I eventually got checked into the hotel and spent some time in the upstairs lounge catching up on work and communicating with clients, friends and family back home. That done, I went out for more exploring, the highlight of which was probably the Temple Street night market which is block after block of stalls selling everything from electronics and paintings to souvenirs and street food. I’m traveling light, so I didn’t buy any souvenirs, but the atmosphere was great.
My big activity on Day 2 was a hike called the Dragon’s Back that I booked on Airbnb. I met my guide (an ex-pat from Australia named Alex) and fellow hikers at the Shau Kei Wan MTR station and we took a bus outside the city. The hike follows a jagged ridge line that looks like a dragon’s back for about 5 miles and it ends at a little beach town called Tai Long Wan (Big Wave Bay) where we had a cold beer and a swim in the South China Sea to cool off. It was a fantastic experience. Thanks to Rory, the founder of Wild Hong Kong and our guide Alex for offering such a unique adventure.

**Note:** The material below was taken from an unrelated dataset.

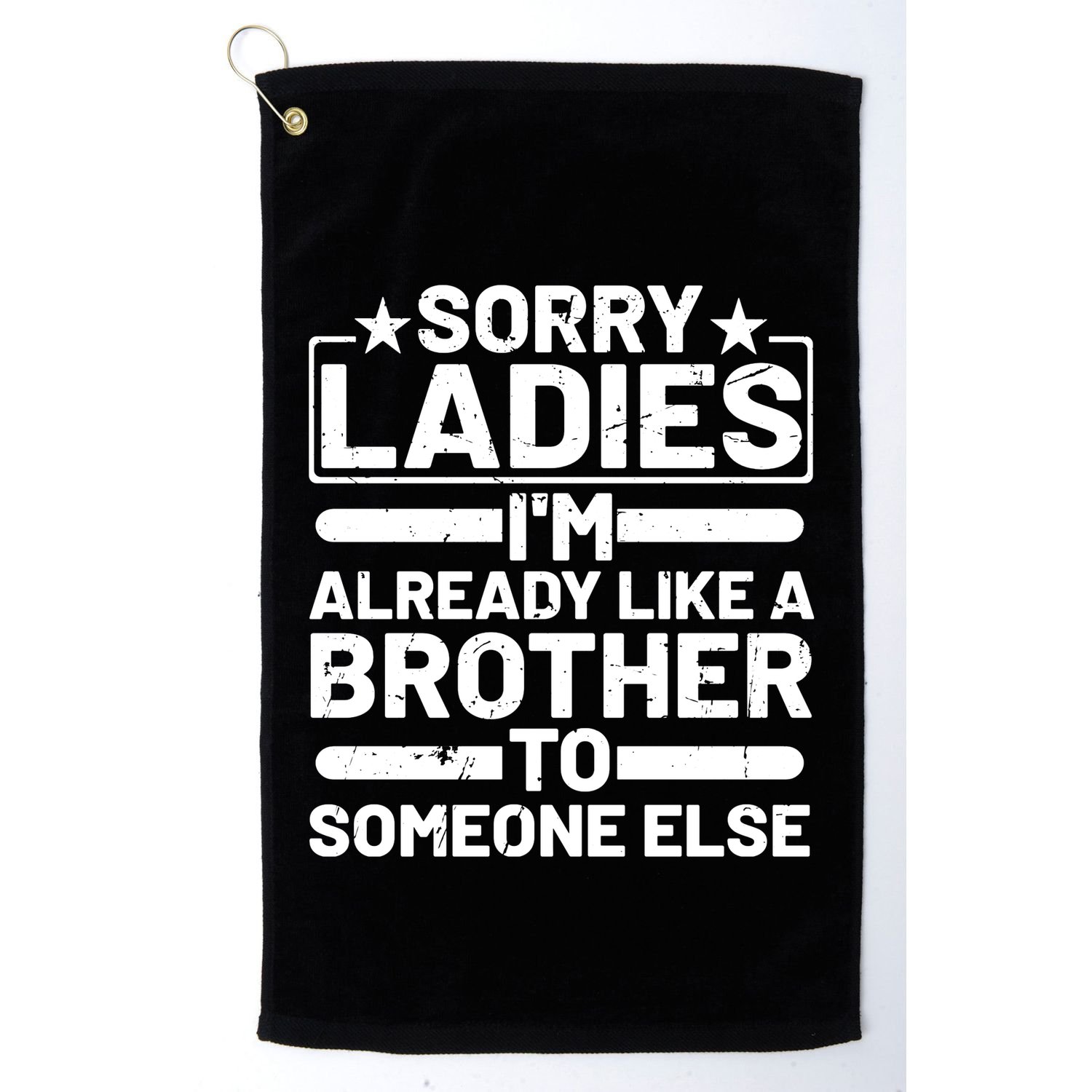 Im Already Like A Brother To Someone Else Sorry Ladies Funny Saying Golf Towel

Today I’ve got some work I need to do in the morning and then this afternoon, I plan on visiting Victoria Peak (great views of the city). Tonight I’m going to the horse races at Happy Valley where races have been held since 1846. I’m told that it’s THE place to be on Wednesday night. From there, I’ll hop the train to the airport where I’ll catch a midnight flight to London and then another flight to Charles de Gaulle airport in Paris. I’ll pick up a car there and head west to Normandy (I saw Paris on a previous trip) where I’ll be staying in the town of Bayeux. I hired a guide to take me on a tour around the beaches, cemeteries and other sites related to D-Day and World War II. It should be fun. Thanks for following along.